Work to be completed
Look below for the line containing "Once done, you" and the line containing "If you wish"; repeat exactly those two lines and all lines between them, and nothing else.

Entries supplied
================================
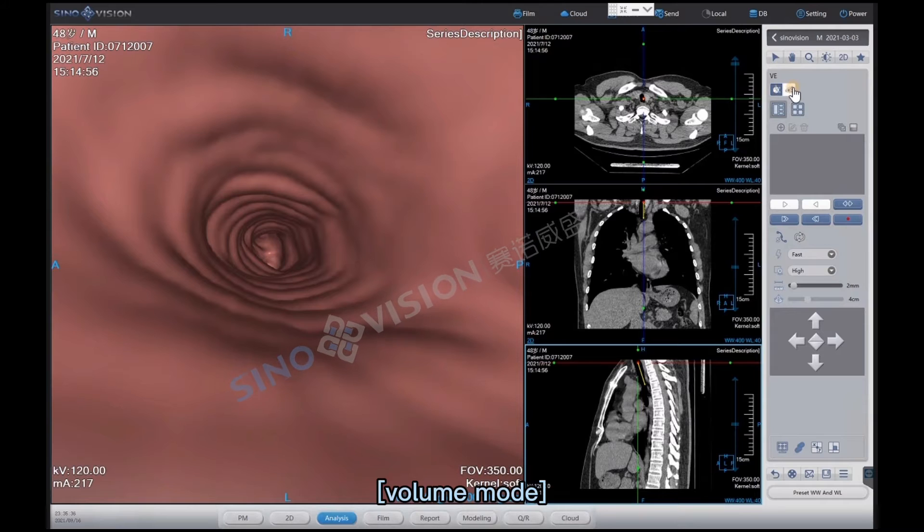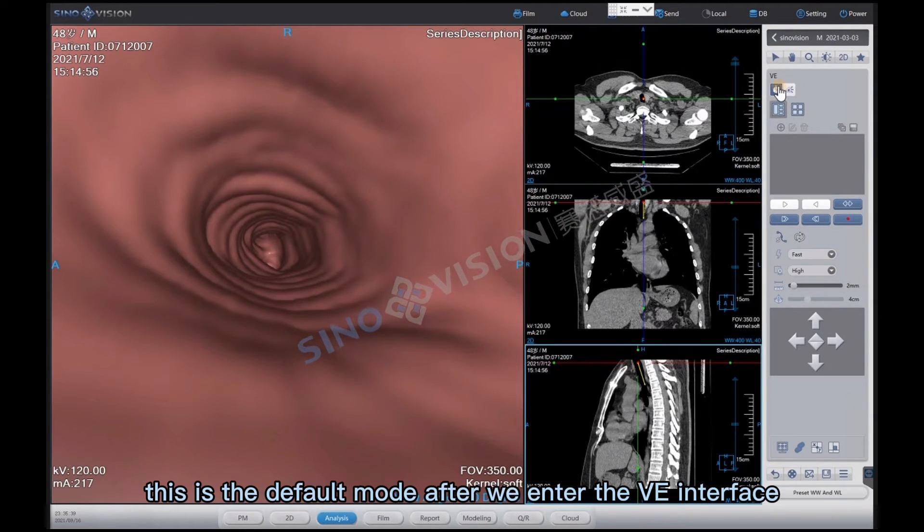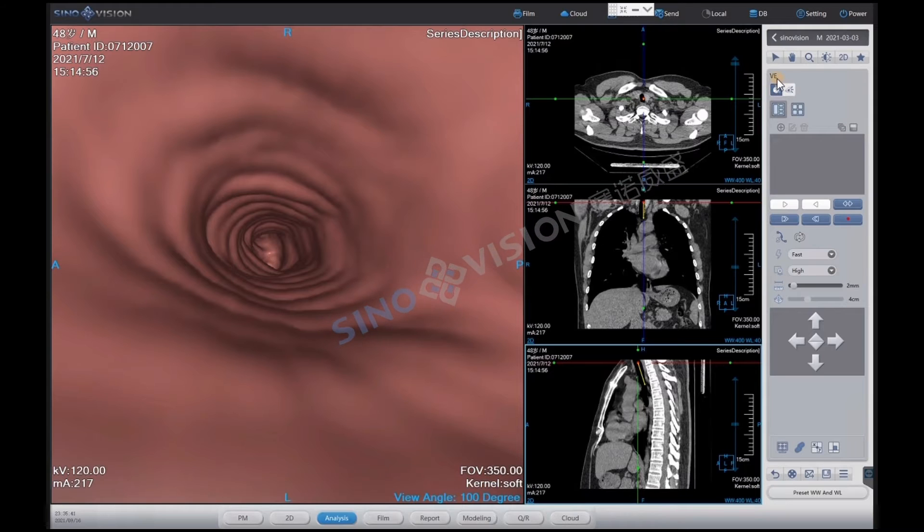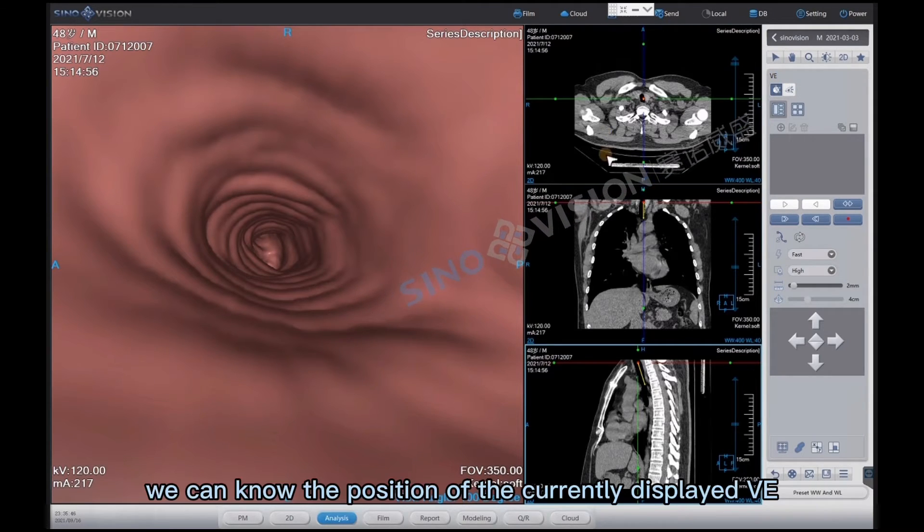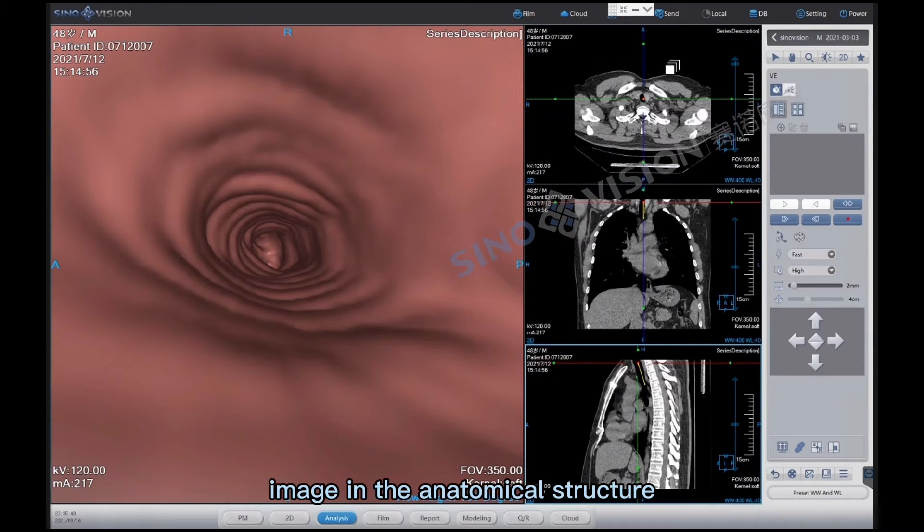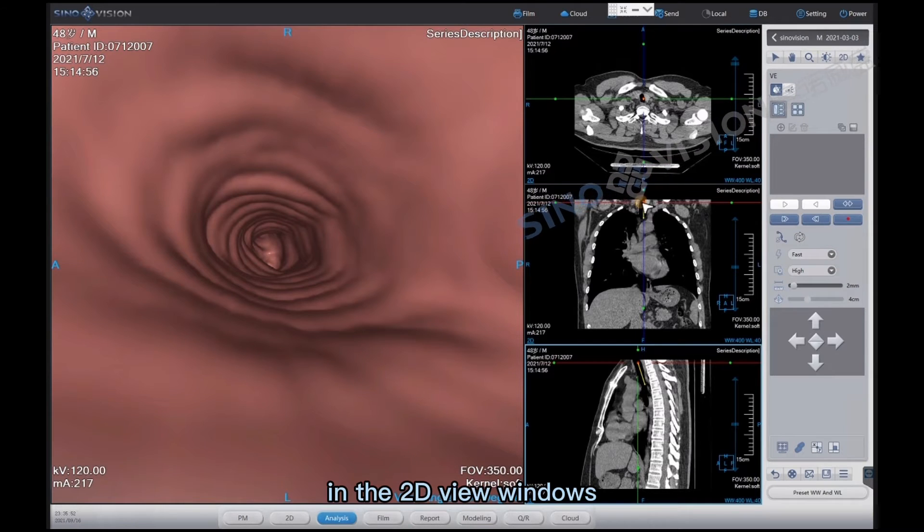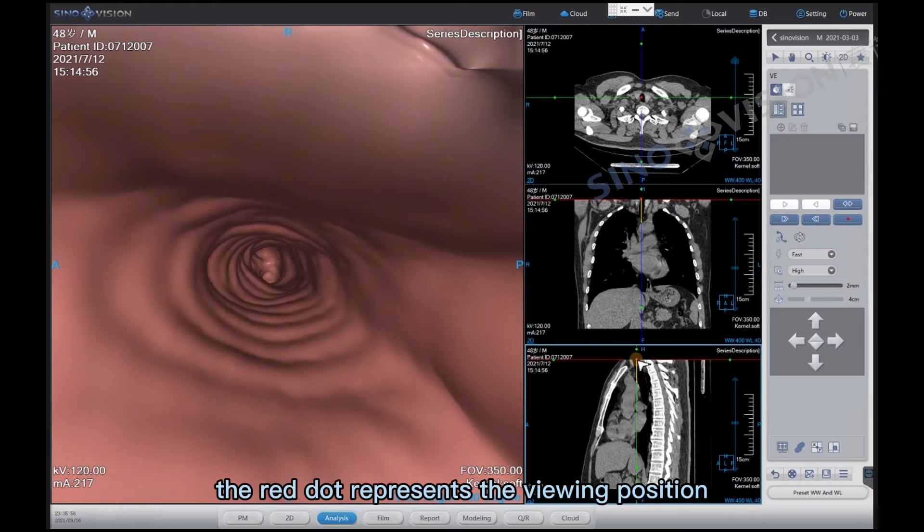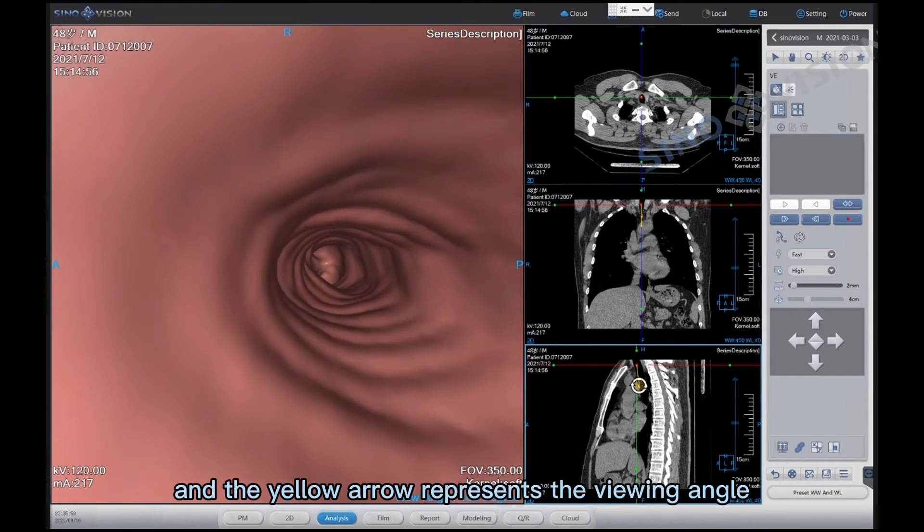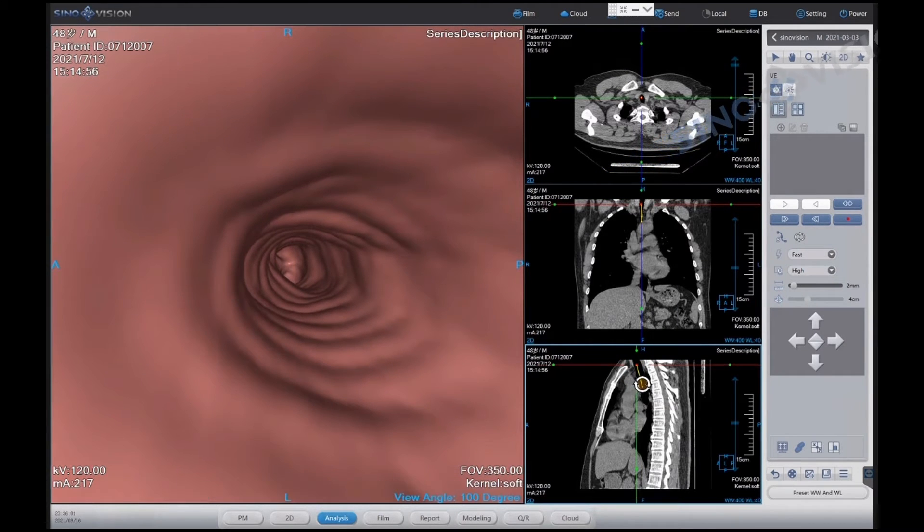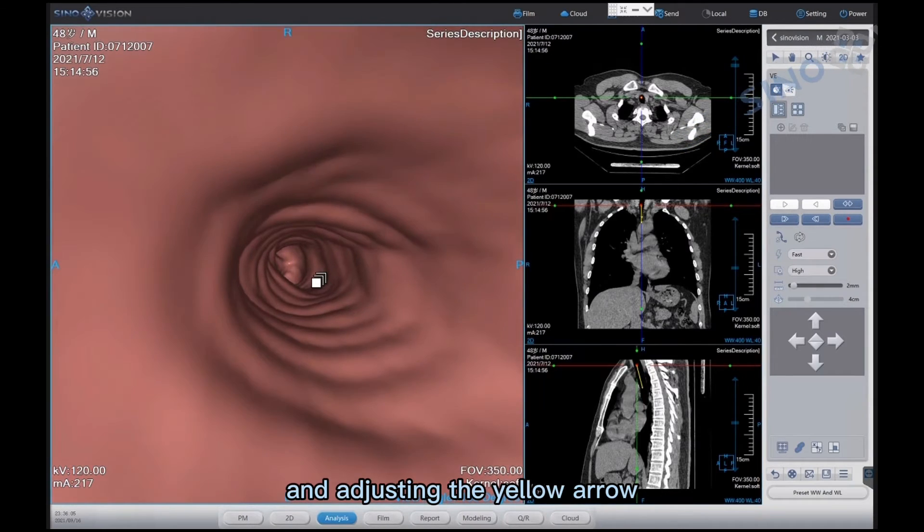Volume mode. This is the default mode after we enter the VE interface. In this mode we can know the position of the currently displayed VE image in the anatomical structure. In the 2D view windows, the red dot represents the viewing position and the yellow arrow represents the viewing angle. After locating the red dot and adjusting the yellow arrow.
================================
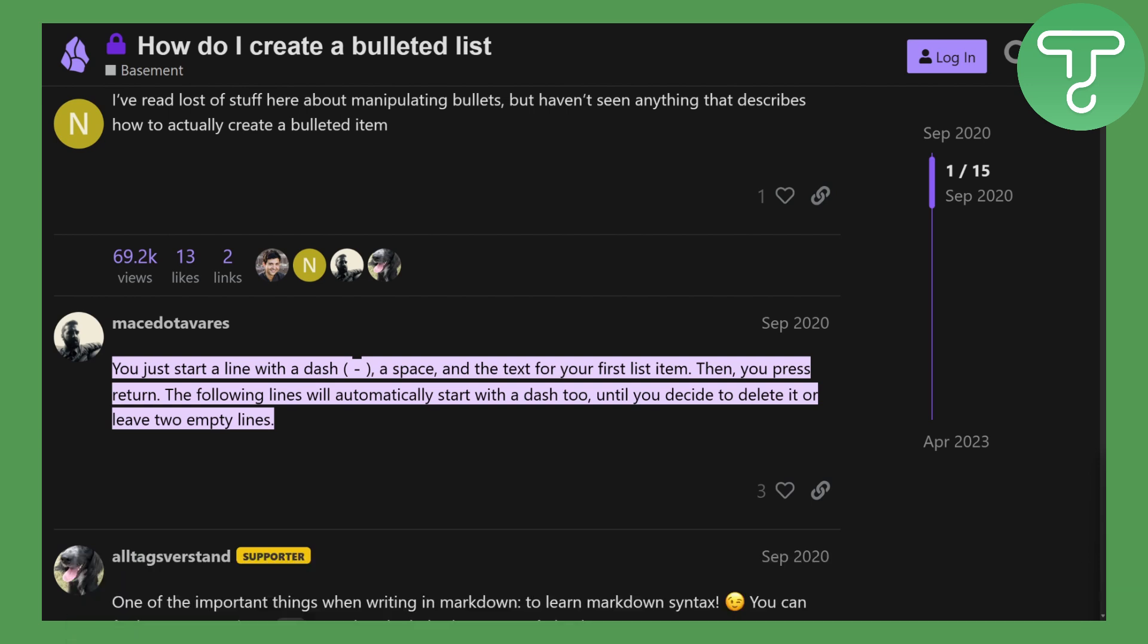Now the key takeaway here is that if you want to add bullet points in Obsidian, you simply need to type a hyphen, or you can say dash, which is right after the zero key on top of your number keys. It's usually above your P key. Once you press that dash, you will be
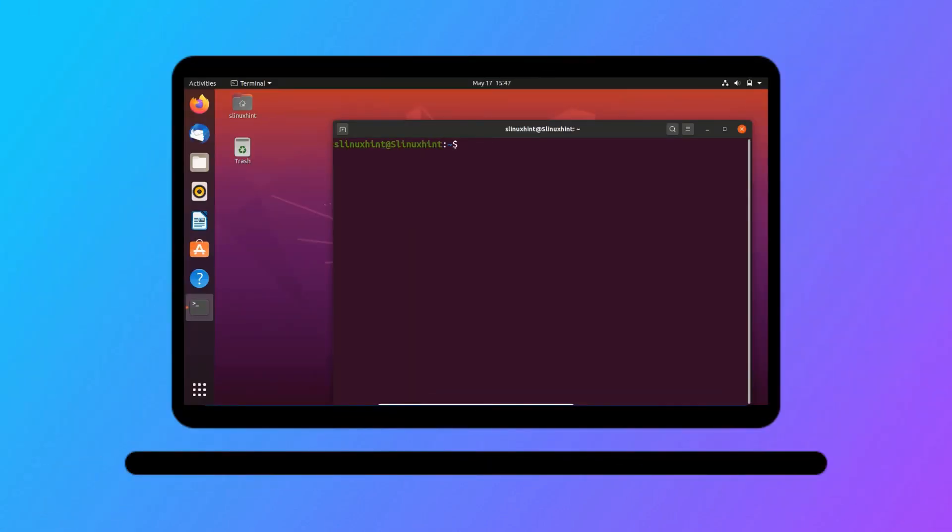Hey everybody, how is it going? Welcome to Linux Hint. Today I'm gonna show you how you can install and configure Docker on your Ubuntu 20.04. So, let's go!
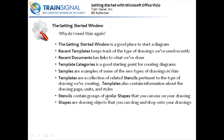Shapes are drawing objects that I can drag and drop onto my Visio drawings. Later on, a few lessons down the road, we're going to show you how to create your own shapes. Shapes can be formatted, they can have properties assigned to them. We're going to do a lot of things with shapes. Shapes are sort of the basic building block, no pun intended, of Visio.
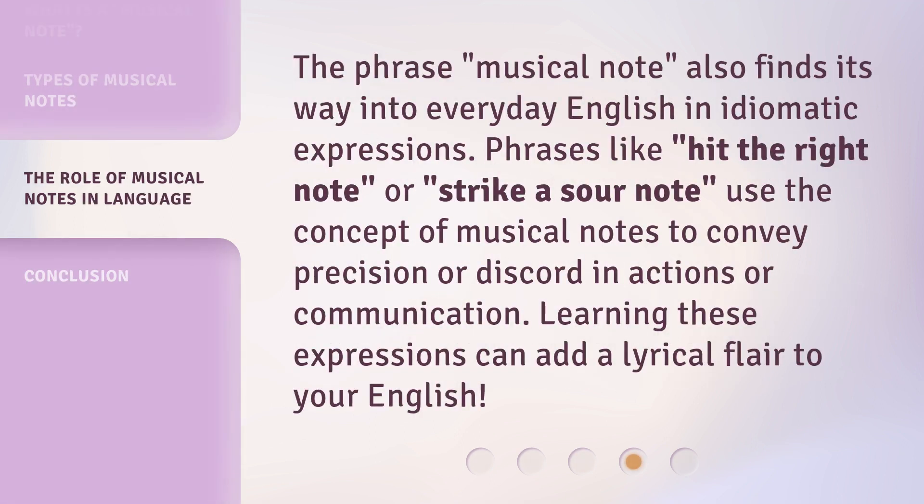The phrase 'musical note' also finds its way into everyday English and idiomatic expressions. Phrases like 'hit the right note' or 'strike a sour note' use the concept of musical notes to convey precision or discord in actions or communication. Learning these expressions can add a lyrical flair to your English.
================================
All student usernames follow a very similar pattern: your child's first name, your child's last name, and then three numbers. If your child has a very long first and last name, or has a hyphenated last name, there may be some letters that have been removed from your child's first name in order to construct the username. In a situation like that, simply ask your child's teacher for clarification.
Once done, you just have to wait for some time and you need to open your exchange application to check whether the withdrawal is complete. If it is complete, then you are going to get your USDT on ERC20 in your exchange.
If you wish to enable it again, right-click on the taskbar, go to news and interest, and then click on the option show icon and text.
================================
Answer box
Once done, you just have to wait for some time and you need to open your exchange application to check whether the withdrawal is complete. If it is complete, then you are going to get your USDT on ERC20 in your exchange.
If you wish to enable it again, right-click on the taskbar, go to news and interest, and then click on the option show icon and text.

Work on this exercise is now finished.